Other glaciologists looked into Mercer’s model and decided based on the data collected that what he described could indeed happen. But most climatologists and geologists publicly dismissed the idea that an ice sheet as big as Mexico could disintegrate in less than a few centuries (Spencer R. Weart, The Discovery of Global Warming, pp. 79–80). According to Hansen, although it was not obvious at the time whether Mercer or his critics were correct, “researchers who suggested that his paper was alarmist were regarded as more authoritative.” Hansen believes that Mercer lost funding opportunities as a result. This discouraged other scientists from speaking out.

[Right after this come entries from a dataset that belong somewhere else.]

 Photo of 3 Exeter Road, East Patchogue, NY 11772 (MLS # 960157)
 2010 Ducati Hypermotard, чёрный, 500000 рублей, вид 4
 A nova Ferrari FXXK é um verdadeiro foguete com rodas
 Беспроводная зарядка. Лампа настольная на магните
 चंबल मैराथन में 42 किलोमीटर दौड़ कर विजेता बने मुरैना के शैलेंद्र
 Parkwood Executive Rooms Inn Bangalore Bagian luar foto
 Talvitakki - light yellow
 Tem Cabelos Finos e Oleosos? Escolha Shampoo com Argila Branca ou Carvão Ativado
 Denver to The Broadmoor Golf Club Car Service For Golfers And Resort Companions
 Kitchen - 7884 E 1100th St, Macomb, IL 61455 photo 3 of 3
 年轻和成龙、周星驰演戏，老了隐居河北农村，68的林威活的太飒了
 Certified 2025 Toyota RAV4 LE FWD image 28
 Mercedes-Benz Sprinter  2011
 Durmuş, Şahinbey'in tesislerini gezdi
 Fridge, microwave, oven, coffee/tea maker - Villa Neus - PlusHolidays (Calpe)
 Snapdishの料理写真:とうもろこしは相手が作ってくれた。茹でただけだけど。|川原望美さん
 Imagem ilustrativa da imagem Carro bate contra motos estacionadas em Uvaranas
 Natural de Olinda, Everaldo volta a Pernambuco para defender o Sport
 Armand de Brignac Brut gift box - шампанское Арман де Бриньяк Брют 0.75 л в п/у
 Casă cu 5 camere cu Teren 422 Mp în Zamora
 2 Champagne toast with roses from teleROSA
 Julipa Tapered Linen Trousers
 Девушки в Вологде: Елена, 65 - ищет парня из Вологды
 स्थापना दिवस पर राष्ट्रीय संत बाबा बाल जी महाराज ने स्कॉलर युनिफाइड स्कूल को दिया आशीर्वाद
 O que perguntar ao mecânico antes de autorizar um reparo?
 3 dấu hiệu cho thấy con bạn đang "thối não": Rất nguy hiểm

The John Mercer Effect then stands for the fact that scientists (in this case glaciologists) are wary of being similarly characterized as alarmists, particularly because of the impact that this may have on future funding. “Scientists downplaying the dangers of climate change [or other threats to the status quo] fare better when it comes to getting funding.” Hansen points to his own experience. In 1981, based on the first reliable estimates of average global temperature by NASA, he pointed to the dangers of global warming from fossil fuel use. The result: his research group had some of its funding pulled by the Department of Energy, which specifically criticized aspects of that paper. Hansen argues that such economic/funding constraints have the effect of inhibiting scientific criticisms of the status quo: “I believe there is pressure on scientists to be conservative.” To be sure, scientists are trained to be skeptics, but “excessive caution also holds dangers. ‘Scientific reticence’ can hinder communication with the public about the dangers of global warming. We may rue reticence if it means no action is taken until it is too late to prevent future disasters.”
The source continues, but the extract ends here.